En 1895, Joseph Levasseur s’en porte acquéreur. Probablement inspiré par le panorama d’îles et d’Îlots, de fleuve et de marées qui s’étale devant la résidence, elle deviendra « Le Manoir-des-Îlets ». Il la garde quelques années, avant qu’elle ne change de mains à nouveau et devienne la propriété de M. Olivier Ouellet, marchand du Bic et commissaire d’école à une certaine époque. Les gens, maintenant, devant la maison, ne pressent plus le pas. Chacun ralentit sa marche et prends le temps d’admirer les variétés de fleurs et d’arbustes que Mme Ouellet, avec amour, cultive dans les grands jardins aménagés avec goût pour enjoliver « Le Château des Oliviers ».

Olivier Ouellet, dans les années 1920, fut souvent lauréat de prix distribués lors de foires agricoles. Ainsi, à l’exposition de Rimouski en 1924 M. Ouellet a figuré parmi les gagnants dans quatre catégories.
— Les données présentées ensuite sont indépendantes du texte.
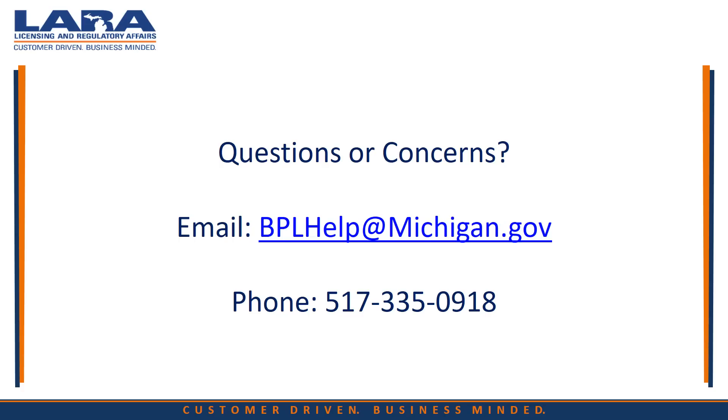If you have additional questions or concerns, please contact us at the number or email on the screen. We are available to help Monday through Friday, 8 a.m. to 5 p.m.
Il s’est mérité la première place dans les divisions « Prunes Rouges » et « Pruneaux » et se classa deuxième dans les catégories « Pommes Wealthy » et « Collection de Pommes ». Chaque première place lui méritant un prix de $1.00 tandis 75 cents étaient octroyé pour chacune des deuxièmes places.

M. Ouellet avait deux fils et une fille. L'un des fils, Omer, travaillait dans la fonction publique de Montréal: le second, Wilfrid, avait terminé des études commerciales et après avoir travaillé pour son père avait continué dans les affaires et repris les entreprises de celui-ci. Il semble qu'au décès de M. Olivier, Omer soit devenu propriétaire de la résidence familiale et, contraint par son travail à demeurer loin de sa propriété, il ne pouvait pas en bénéficier. Il loua donc Le Château des Oliviers à un nommé Paul Bernier. Celui-ci y avait ouvert un hôtel; l’Hôtel Bernier comme de raison. Dans la nuit du 20 septembre 1940, vers les 2 heures du matin, probablement causé par une défectuosité de la bouilloire du système de chauffage, un incendie s’y est déclaré. Quelques minutes après que l’alarme fut donnée, le bâtiment n’était plus qu’un amas de cendres. Les occupants en sortirent en tenue de nuit mais heureusement personne ne fut blessé. Le début de l’histoire n’est pas documenté, cependant, bien que triste, on en connaît maintenant la fin.


VUES RAPPROCHÉES DE QUELQUES DÉTAILS ARCHITECTURAUX
Est-ce qu’on peut lui attribuer un style architectural,
je ne m’y connais pas assez pour me commettre.
Cependant, il est évident qu’elle avait du style.
Quel joyau ce serait aujourd’hui.


Photographie d'une partie du village du Bic prise en août 1940.
Probablement la dernière où l'on peut voir le "Château des Oliviers.
(Juste en haut du bâtiment blanc à gauche de la photo).
On se souviendra que la date de l'incendie de celui-ci est le 20 septembre de la même année.